• TASK REQUIREMENTS:
Skipping any pictures, repeat exactly and only the lines from the one that holds "毛絨掛飾｜Sachiket Plush Keychain" to the last line of the material, both included.

• INFORMATION:
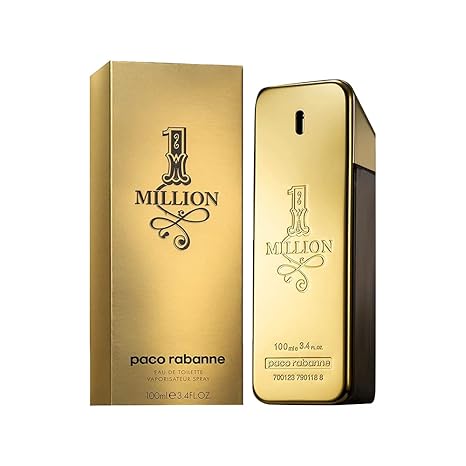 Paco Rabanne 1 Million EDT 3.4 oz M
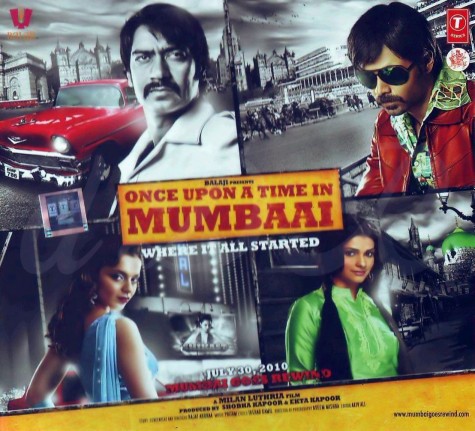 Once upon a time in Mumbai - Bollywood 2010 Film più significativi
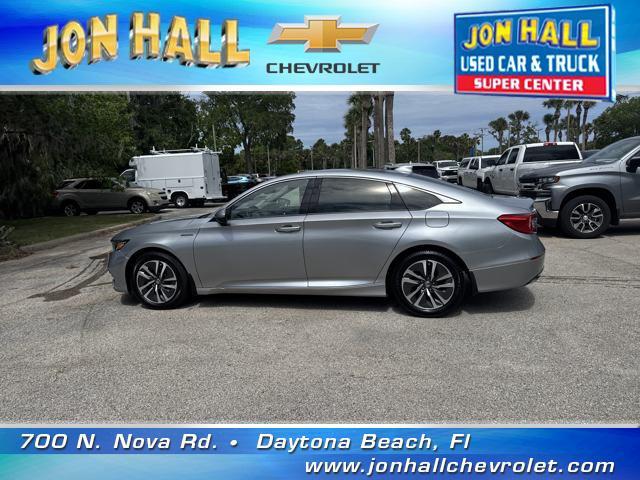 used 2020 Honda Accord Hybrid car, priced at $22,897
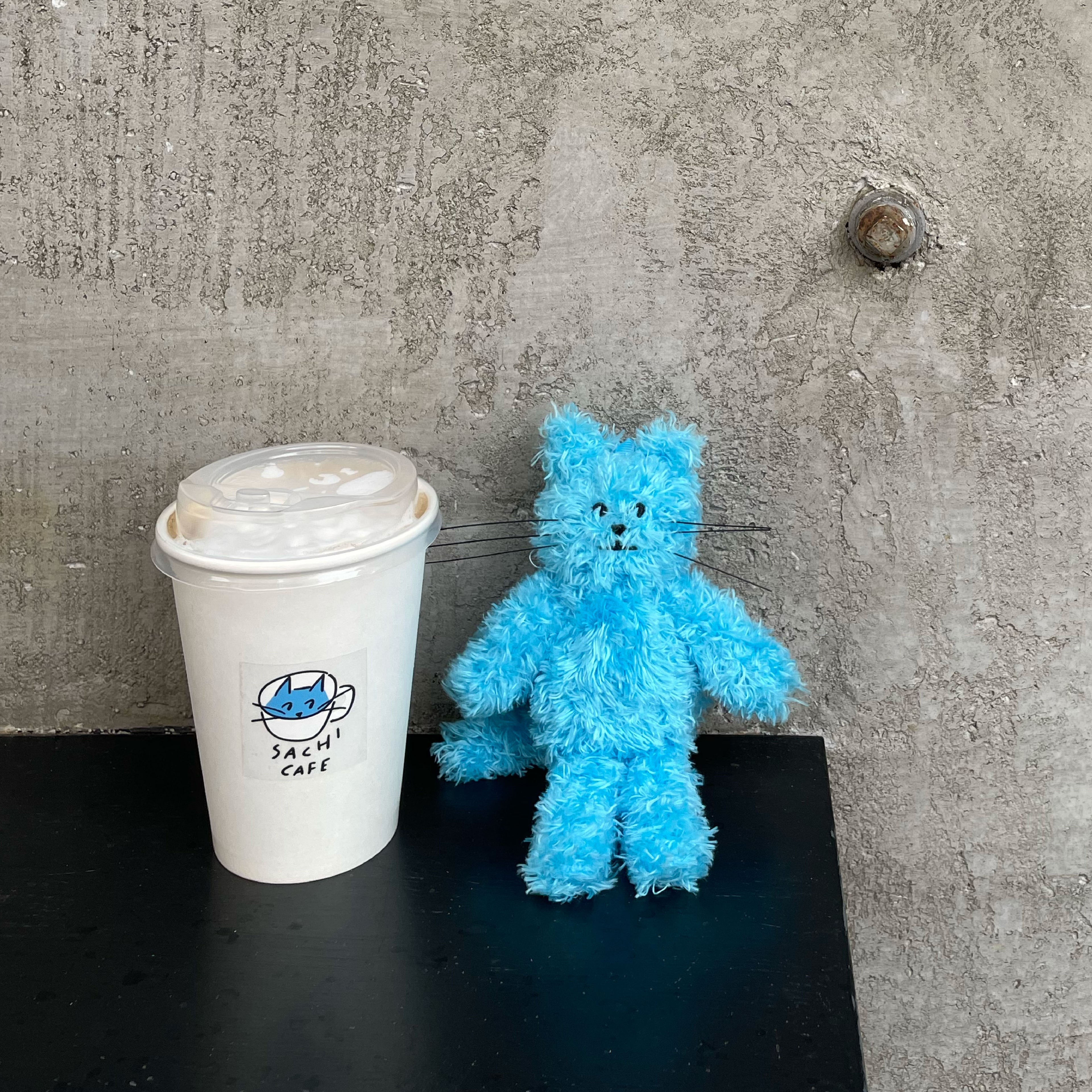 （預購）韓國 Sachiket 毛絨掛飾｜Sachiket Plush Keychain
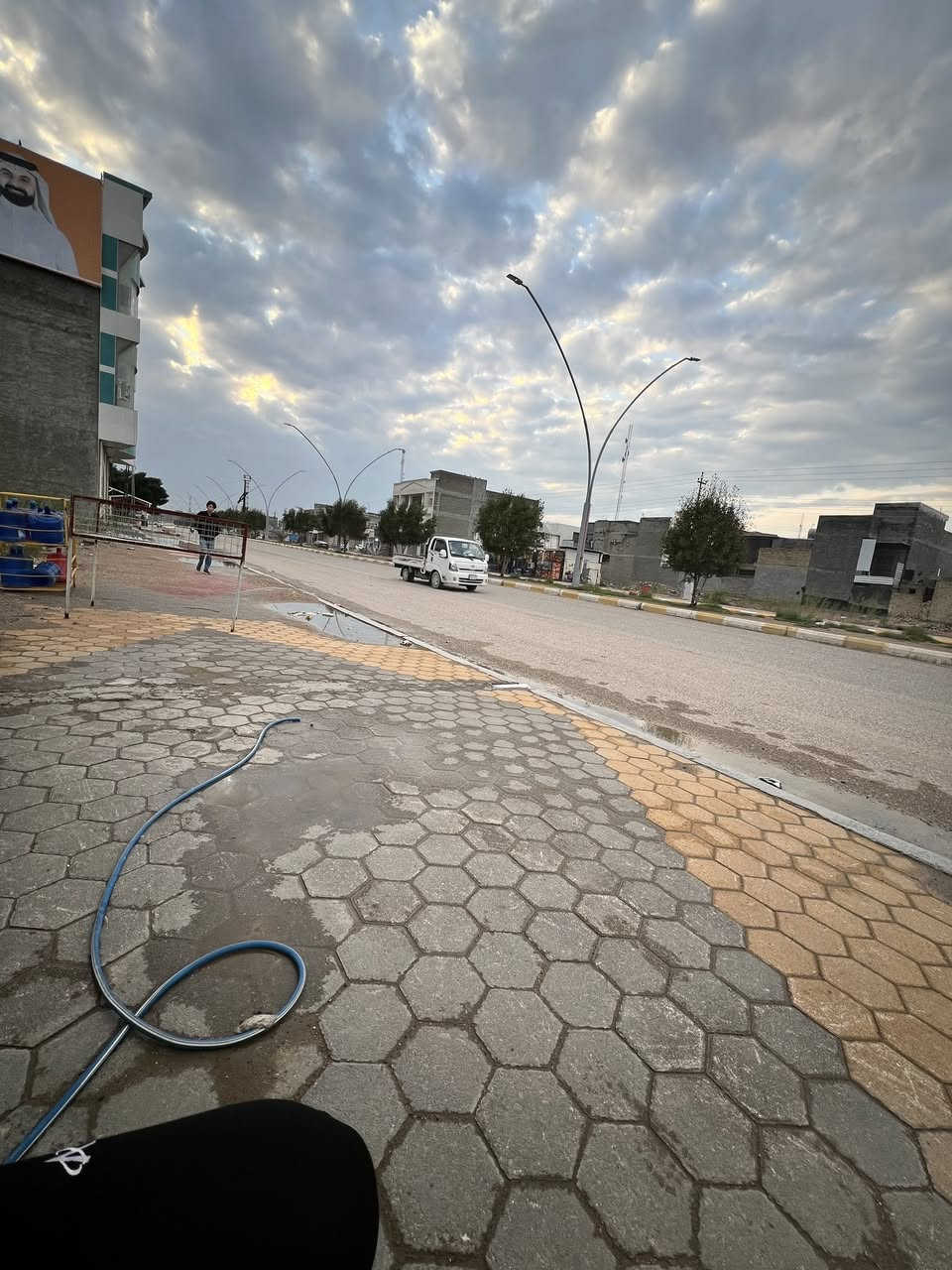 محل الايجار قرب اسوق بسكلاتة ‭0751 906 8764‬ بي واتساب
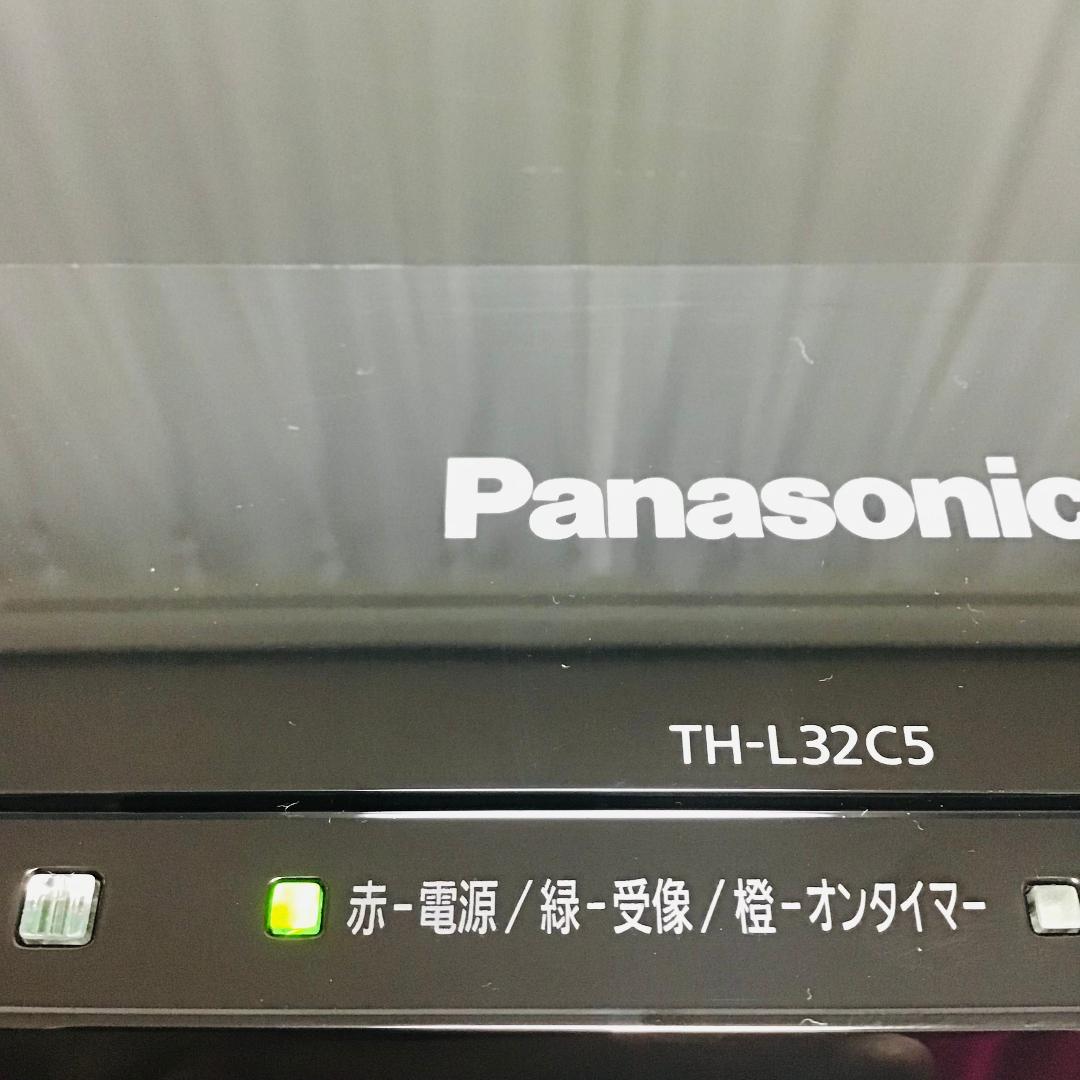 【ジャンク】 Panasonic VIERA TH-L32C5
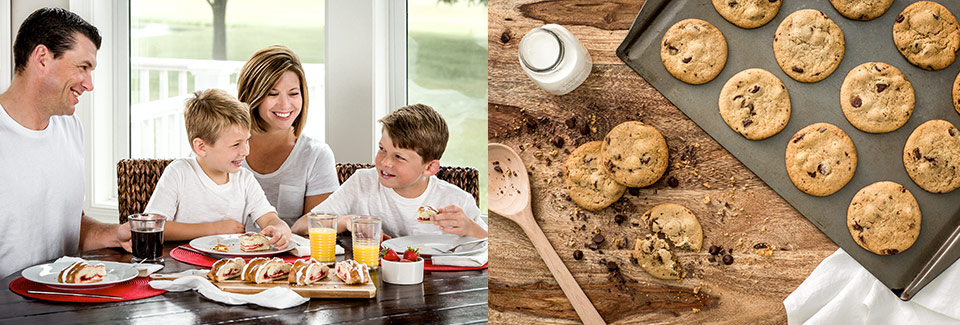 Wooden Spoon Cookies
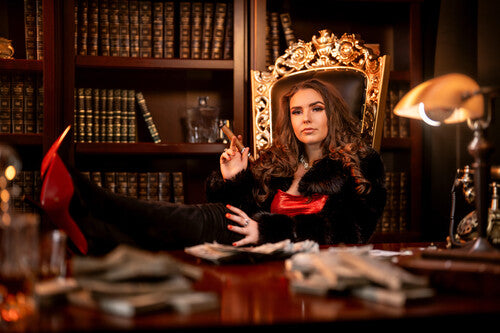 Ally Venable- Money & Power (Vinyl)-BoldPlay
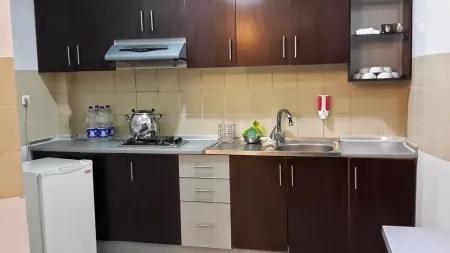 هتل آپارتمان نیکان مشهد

• RESULT BELOW:
 （預購）韓國 Sachiket 毛絨掛飾｜Sachiket Plush Keychain
 محل الايجار قرب اسوق بسكلاتة ‭0751 906 8764‬ بي واتساب
 【ジャンク】 Panasonic VIERA TH-L32C5
 Wooden Spoon Cookies
 Ally Venable- Money & Power (Vinyl)-BoldPlay
 هتل آپارتمان نیکان مشهد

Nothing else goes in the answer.